The stock took off from its 2000 IPO and split twice in 2001, hitting a high in 2003 of nearly $50 before traders woke up. By late 2005 the stock was trading for less than $5 a share, and during the 2008 crash it traded quietly in the $2 to $3 range.
Now it's back on the roller coaster.
After rising to more than $25 early last month, the stock has fallen to less than $20, after the company reported earnings that, while good, were below expectations because of one-time charges.
Those charges, a $1.7 million sale of leases and a $1.5 million lease termination agreement, involve a dispute with the former landlord at its commissary in Lorton, Va.
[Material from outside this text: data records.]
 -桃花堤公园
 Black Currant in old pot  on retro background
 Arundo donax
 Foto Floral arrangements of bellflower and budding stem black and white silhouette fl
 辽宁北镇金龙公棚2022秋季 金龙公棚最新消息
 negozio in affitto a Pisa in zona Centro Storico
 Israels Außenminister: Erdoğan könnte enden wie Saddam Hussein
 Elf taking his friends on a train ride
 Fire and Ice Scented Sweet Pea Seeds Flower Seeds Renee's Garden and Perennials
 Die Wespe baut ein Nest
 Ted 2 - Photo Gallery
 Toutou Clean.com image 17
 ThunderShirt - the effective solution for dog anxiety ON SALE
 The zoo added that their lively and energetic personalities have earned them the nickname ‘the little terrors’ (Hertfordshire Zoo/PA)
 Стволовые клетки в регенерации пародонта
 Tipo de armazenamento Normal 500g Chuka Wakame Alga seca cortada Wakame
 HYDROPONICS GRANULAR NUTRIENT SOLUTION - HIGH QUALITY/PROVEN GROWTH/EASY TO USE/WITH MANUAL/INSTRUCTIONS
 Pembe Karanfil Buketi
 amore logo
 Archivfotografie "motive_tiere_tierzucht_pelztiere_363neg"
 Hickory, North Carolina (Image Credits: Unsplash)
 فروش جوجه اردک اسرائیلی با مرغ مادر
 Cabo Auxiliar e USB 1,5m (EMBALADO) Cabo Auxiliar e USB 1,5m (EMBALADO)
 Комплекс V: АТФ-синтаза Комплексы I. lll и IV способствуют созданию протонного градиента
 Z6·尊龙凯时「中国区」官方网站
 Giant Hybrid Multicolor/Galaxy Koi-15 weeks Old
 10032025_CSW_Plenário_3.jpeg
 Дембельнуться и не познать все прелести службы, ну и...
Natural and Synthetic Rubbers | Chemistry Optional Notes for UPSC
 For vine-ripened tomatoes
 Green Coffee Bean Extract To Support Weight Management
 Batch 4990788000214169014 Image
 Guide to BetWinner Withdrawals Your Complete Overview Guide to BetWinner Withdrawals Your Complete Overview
But they went straight to the bottom line, turning an adjusted net income of $11.2 million, or 16 cents a share, into reported net income of $6.8 million, or 9 cents a share.
What all this proves is that Krispy Kreme is, once again, a momentum stock. Even at its current price you're talking about a price-to-earnings ratio of 61. Those doughnuts may be puffy, but I want some real cloud technology at that price.
Back during the last bubble, there was an assumption that Krispy Kreme could take its fried yeast doughnuts global, and that Japanese in particular might love a hot, fried, sugar-coated pillow as much as folks in Atlanta do.
Now the story is more of a domestic one, involving a franchise that remains weak in some states, such as New Jersey, Ohio, Pennsylvania and West Virginia, where it should have room to grow, and a packaged goods business that brings both its doughnuts and coffee into many grocery stores. (Full disclosure: I bribe my son into unpacking the car from Costco (COST) runs by hiding a box of Krispy Kremes in the trunk.)
Krispy Kreme's cake doughnut competitor, Dunkin Brands (DNKN), has also done well for investors over the last five years, but its gains are only one-tenth those of Krispy Kreme. Dunkin Brands' market cap is also four times larger, at $5.17 billion.